I've said before that Harold Budd has a bit of an impressionist quality in the music he writes, often reminding me of the quiet, flowing, picturesque compositions of C. Debussy and M. Ravel, and sometimes even their British impressionist classical counterparts, but has nonetheless remained somewhat boring in his seemingly very limited range of ideas -- the uber-quiet ambient piano-based compositions have nearly been beaten to death in his discography and always sound almost identical unless the music is given the utmost importance while listening. What Luxa offers is a newer, more polished sound and more (different) sounding ambient electronic touches to his classic and distinct piano sound.

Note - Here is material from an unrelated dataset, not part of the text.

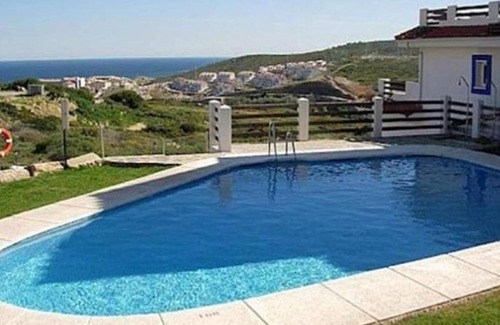 Alcorrin Villa | 3 Floors Villa with Sea & Mountain View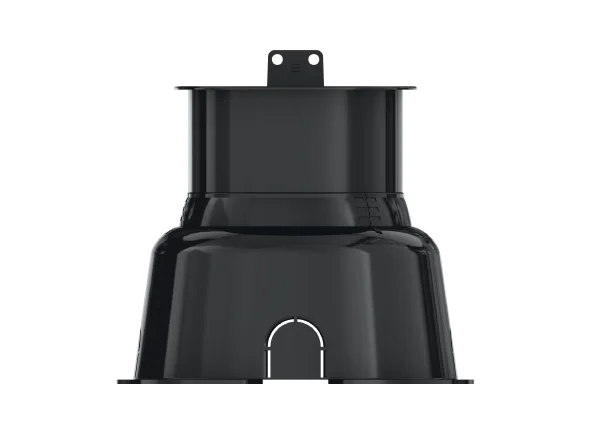 S.Ground Embutido de solo 18,5W 36° - STL23709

Instead of simply relying on heavy reverb attached to his drifting somber instrumentals, he's employed a stronger interest in cave-like, water-like, and vaguely ethnic elements that make this sound like no other album before in his discography. From the first track, "Niki D" in the "Butterflies With Tits" suite (a title I would like to have explained to me in further detail), the change in atmosphere and composition becomes obvious, sounding like laid-back lounge jazz with a temple-esque warm echoing effect and warm ambient drone. On "A Sidelong Glance From My Round Nefertiti" the classic ambient piano style is displayed but with a stronger impressionistic soundscape quality that sounds more classy and constructed and less random and pointless than usual. Some tracks are entirely synth-dominated, like "Agnes Martin" and "Nove Alberi", which in my opinion offer up the style that Harold Budd truly excels at, while "Paul McCarthy" is an experiment in bass-led lounge jazz synthesizer and piano music that is very minimal while leading itself through clear but subtle progression until the point when it ends, drifting organic to ethereal in a rather affecting way.

While The White Arcades did offer variation in it's tracks with numbers that were piano-based, synth-based, and combinations of the two, it seemed very dry and not all too different from The Plateaux of Mirror or even parts of Lovely Thunder. This is where Luxa excels -- it contains all of the elements from the classic ambient piano style combined with the wonderful and emotional synthesizer soundscapes to create an album that sounds familiar while also adding unique elements and song construction to make this album standout among his discography as an inspired individual collection with a specific tone. The albums following Lovely Thunder were disappointing and didn't display the true artistic quality and integrity that Harold Budd was known for in his earlier days, but Luxa is where the man finally rebirths his own artistry.